Saturday, June 11, 2016

What kind of strings have Kolmogorov complexity equal to their length ?

I have been doing some reading about Information Theory and Kolmogorov complexity lately. I just thought about the following problem. Consider a language of all C programs (strings) which print themselves, formally Let $$L_{self} = \{ w\,\, | w\,\, \mbox{is a C program which prints itself} \}$$.
Following is an example of a C program which prints itself (on a side-note the trick behind the construction is to use the ASCII values for quotes and newlines).
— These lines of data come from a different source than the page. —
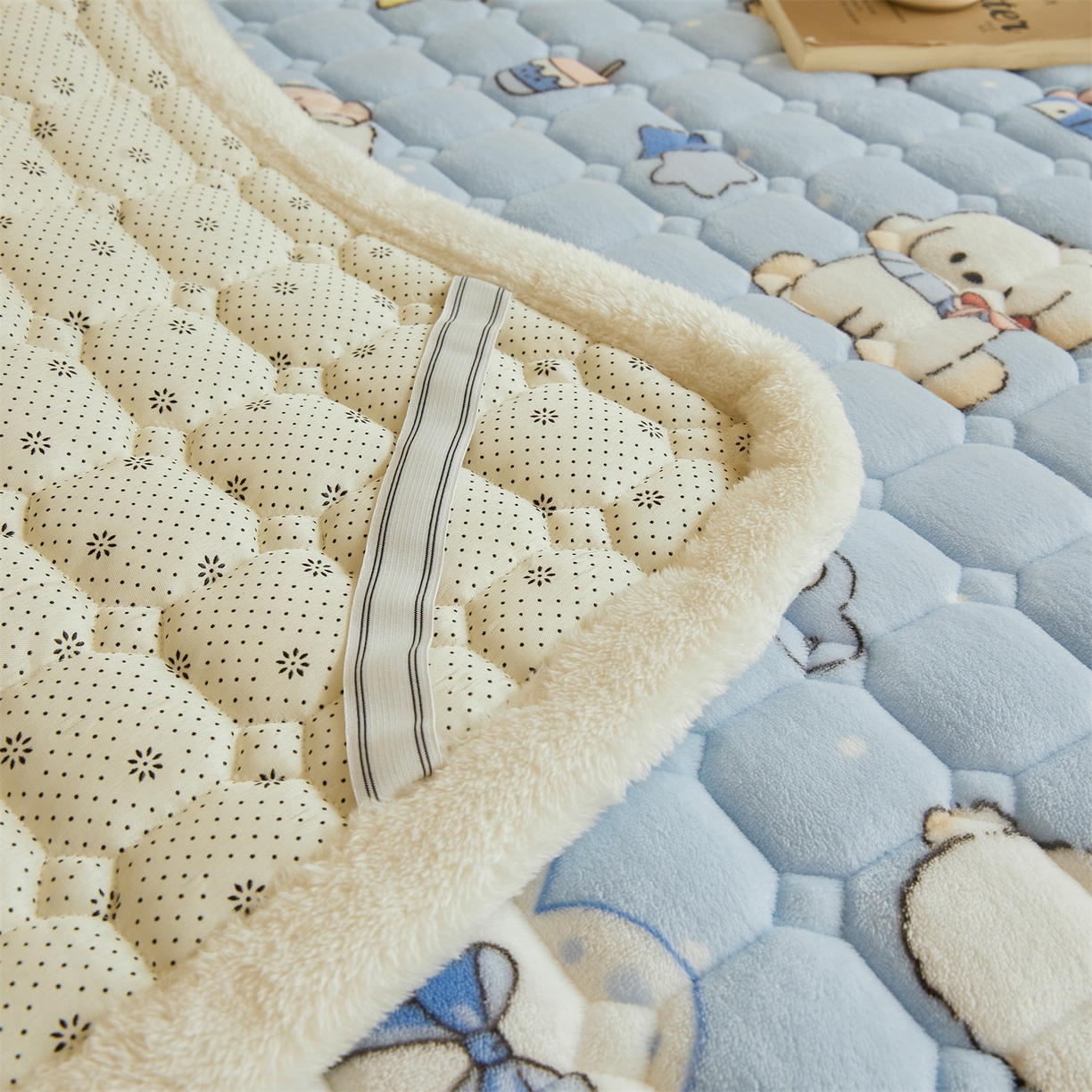 91家纺网 家纺一手货源 找家纺 雯豆家纺 【加厚款】2025新款牛奶绒床褥床垫学生宿舍床护垫子 牛奶绒床褥-奶蓝小狗【加厚款】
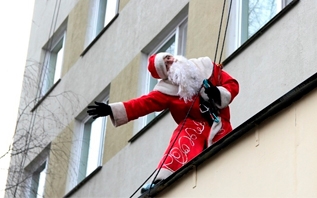 Дед Мороз стучит в окно: МЧС оригинально поздравит пациентов Витебского областного детского центра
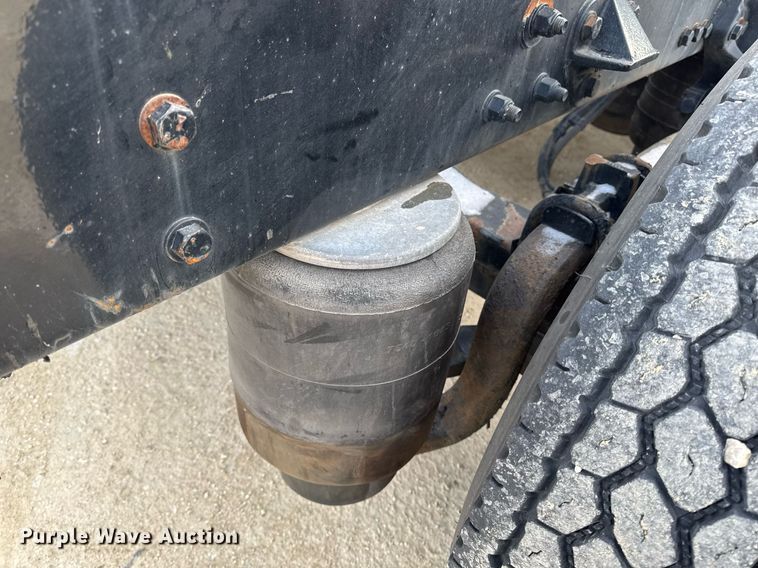 image for item EG7041 2017 Kenworth T680 semi truck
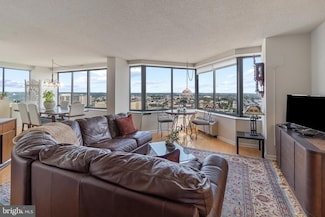 2001 Hamilton St Unit P301, Philadelphia, PA 19130
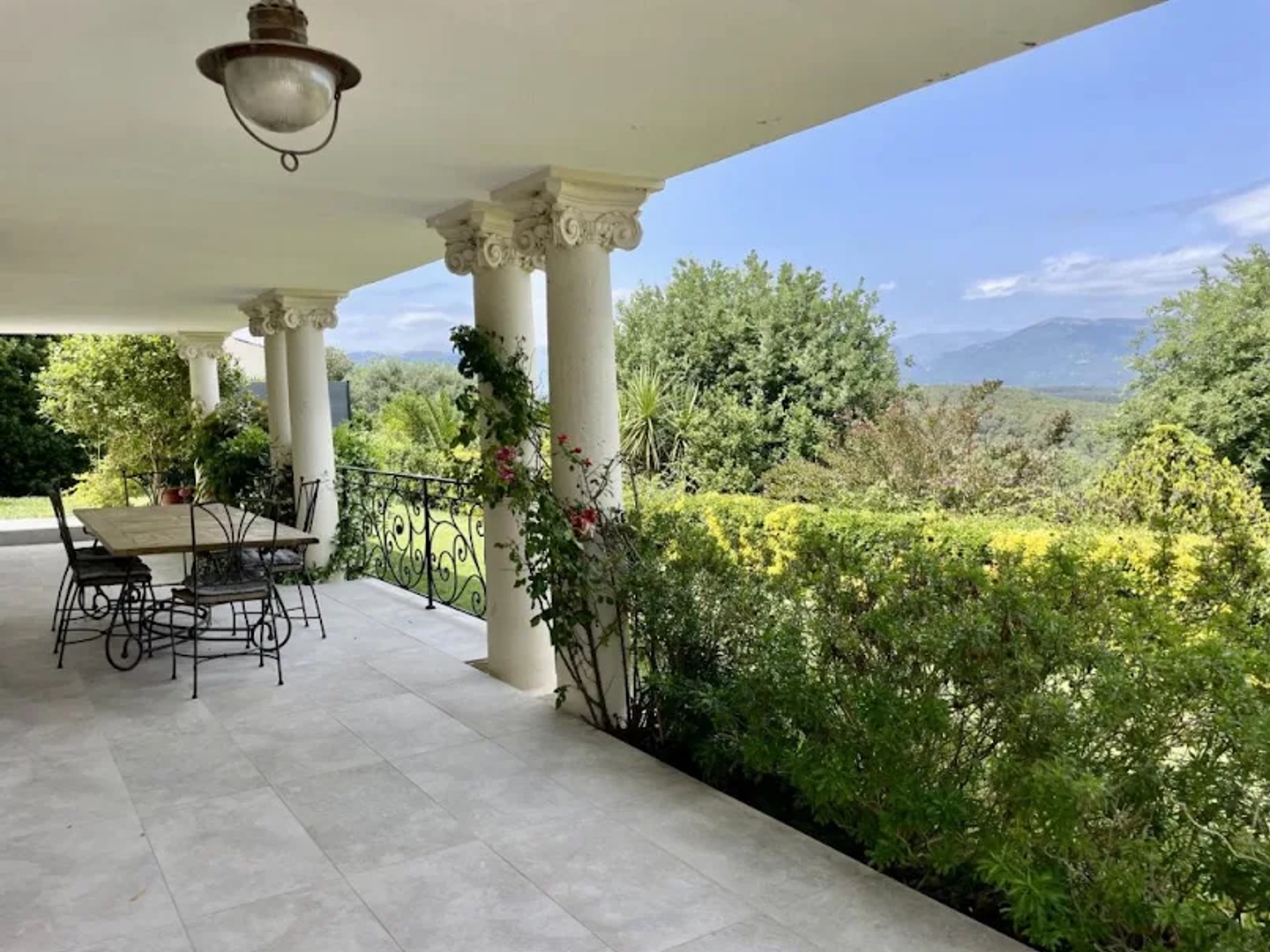 Villa 8 pièces 280 m²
Clearly the Kolmogorov complexity of each w is less than or equal to the length of w -- given that we have constructed a program of length same as the string w.
I'm wondering if this is indeed optimal ? -- that is given a w, if its possible to produce a program to generate w and size strictly less than |w|.

char qt=34;
char nl=10;
char *str="char qt=34;%cchar nl=10;%cchar *str=%c%s%c;%cint main() {%c printf(str,nl,nl,qt,str,qt,nl,nl,nl,nl);%c}%c";
int main() {
 printf(str,nl,nl,qt,str,qt,nl,nl,nl,nl);
}

BTW, compile the program with
gcc -w 
to suppress warnings about header inclusion.